::: Listed entries :::

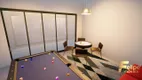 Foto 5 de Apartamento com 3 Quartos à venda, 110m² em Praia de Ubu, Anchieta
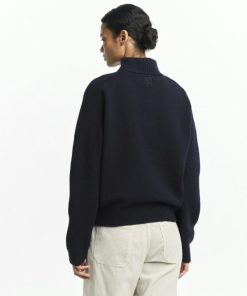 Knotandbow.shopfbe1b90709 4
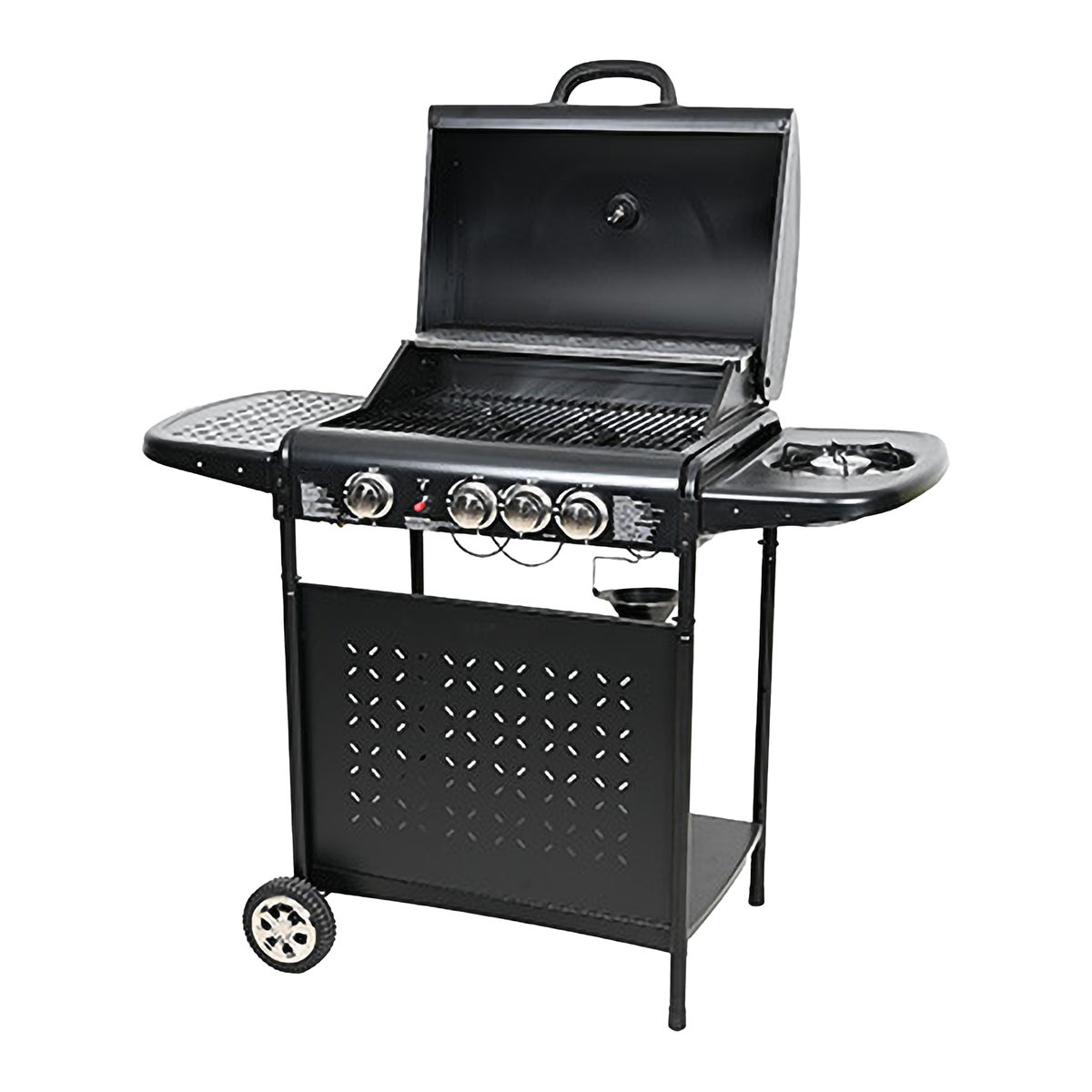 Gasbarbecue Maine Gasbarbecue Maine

:::
::: Listed entries :::

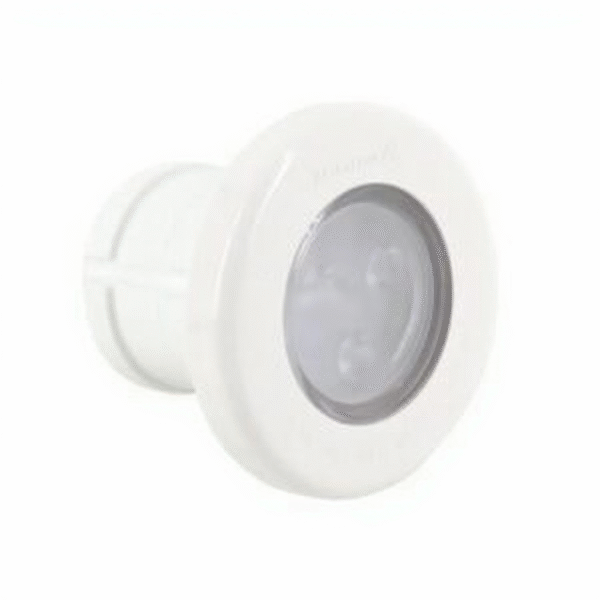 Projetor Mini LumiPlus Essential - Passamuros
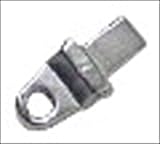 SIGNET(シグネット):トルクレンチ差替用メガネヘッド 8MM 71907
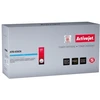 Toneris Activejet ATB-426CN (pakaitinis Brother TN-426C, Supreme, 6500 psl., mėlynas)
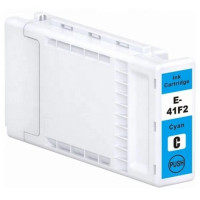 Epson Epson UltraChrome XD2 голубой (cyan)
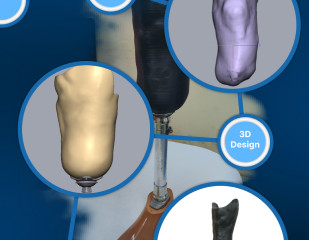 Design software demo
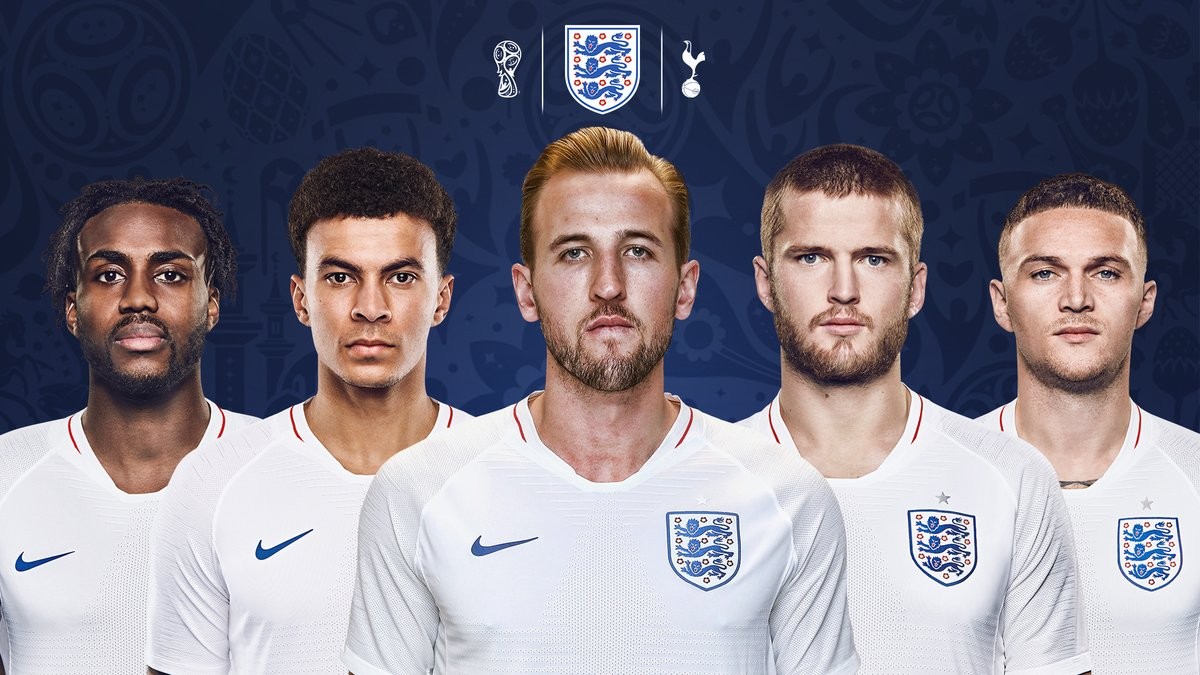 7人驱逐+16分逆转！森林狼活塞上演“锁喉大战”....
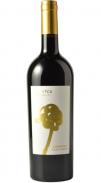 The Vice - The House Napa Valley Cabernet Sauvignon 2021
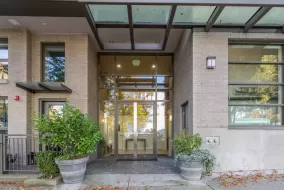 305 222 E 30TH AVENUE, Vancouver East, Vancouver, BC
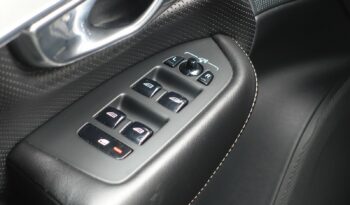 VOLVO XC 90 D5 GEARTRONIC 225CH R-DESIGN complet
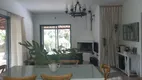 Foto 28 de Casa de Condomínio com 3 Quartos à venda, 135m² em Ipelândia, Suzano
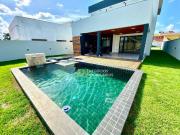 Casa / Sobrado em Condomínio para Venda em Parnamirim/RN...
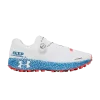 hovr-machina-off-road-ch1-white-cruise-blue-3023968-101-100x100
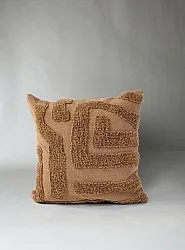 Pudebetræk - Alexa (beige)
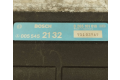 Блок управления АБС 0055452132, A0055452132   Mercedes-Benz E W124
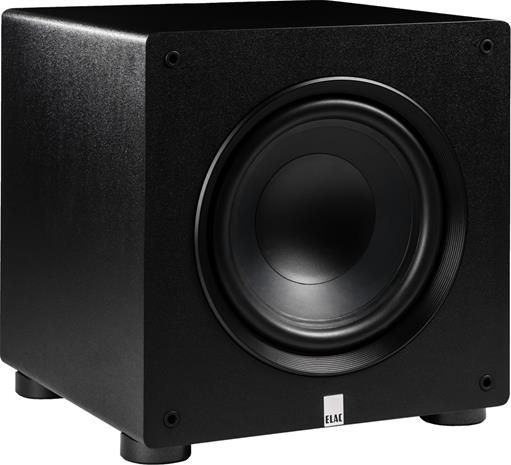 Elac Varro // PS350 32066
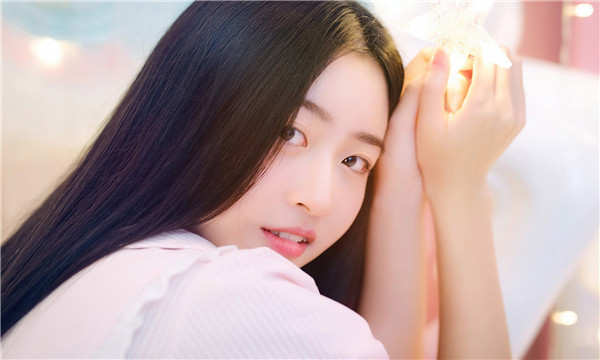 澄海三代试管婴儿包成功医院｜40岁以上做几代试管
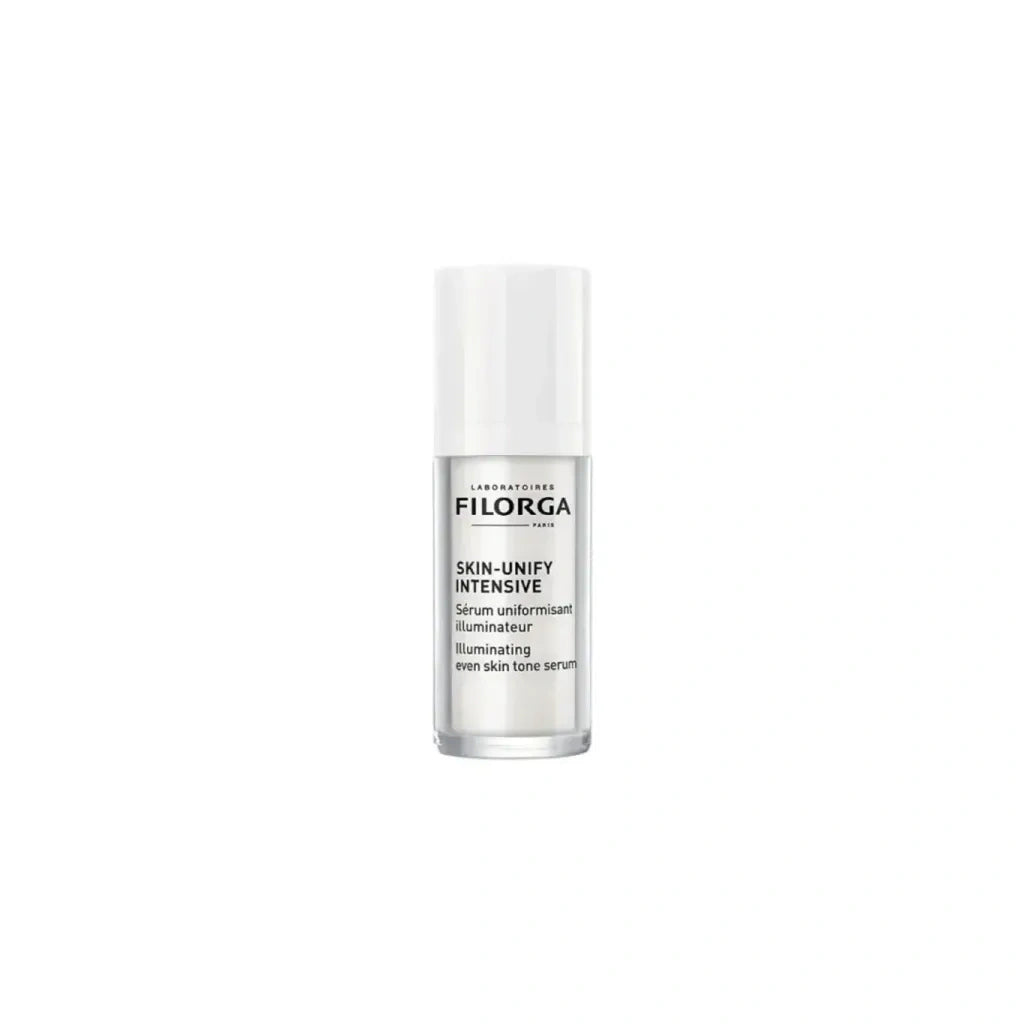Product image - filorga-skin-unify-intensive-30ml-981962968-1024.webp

:::
::: Listed entries :::

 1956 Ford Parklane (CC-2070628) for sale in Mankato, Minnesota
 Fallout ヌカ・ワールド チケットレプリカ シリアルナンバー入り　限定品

:::

Your instructions
From the records above, return exactly the lines running from the one that contains "Epson Epson UltraChrome XD2 голубой (cyan)" down to the one that contains "image - filorga-skin-unify-intensive-30ml-981962968-1024.webp", both included, without any pictures.

Task output
 Epson Epson UltraChrome XD2 голубой (cyan)
 Design software demo
 7人驱逐+16分逆转！森林狼活塞上演“锁喉大战”....
 The Vice - The House Napa Valley Cabernet Sauvignon 2021
 305 222 E 30TH AVENUE, Vancouver East, Vancouver, BC
 VOLVO XC 90 D5 GEARTRONIC 225CH R-DESIGN complet
 Foto 28 de Casa de Condomínio com 3 Quartos à venda, 135m² em Ipelândia, Suzano
 Casa / Sobrado em Condomínio para Venda em Parnamirim/RN...
 hovr-machina-off-road-ch1-white-cruise-blue-3023968-101-100x100
 Pudebetræk - Alexa (beige)
 Блок управления АБС 0055452132, A0055452132   Mercedes-Benz E W124
 Elac Varro // PS350 32066
 澄海三代试管婴儿包成功医院｜40岁以上做几代试管
Product image - filorga-skin-unify-intensive-30ml-981962968-1024.webp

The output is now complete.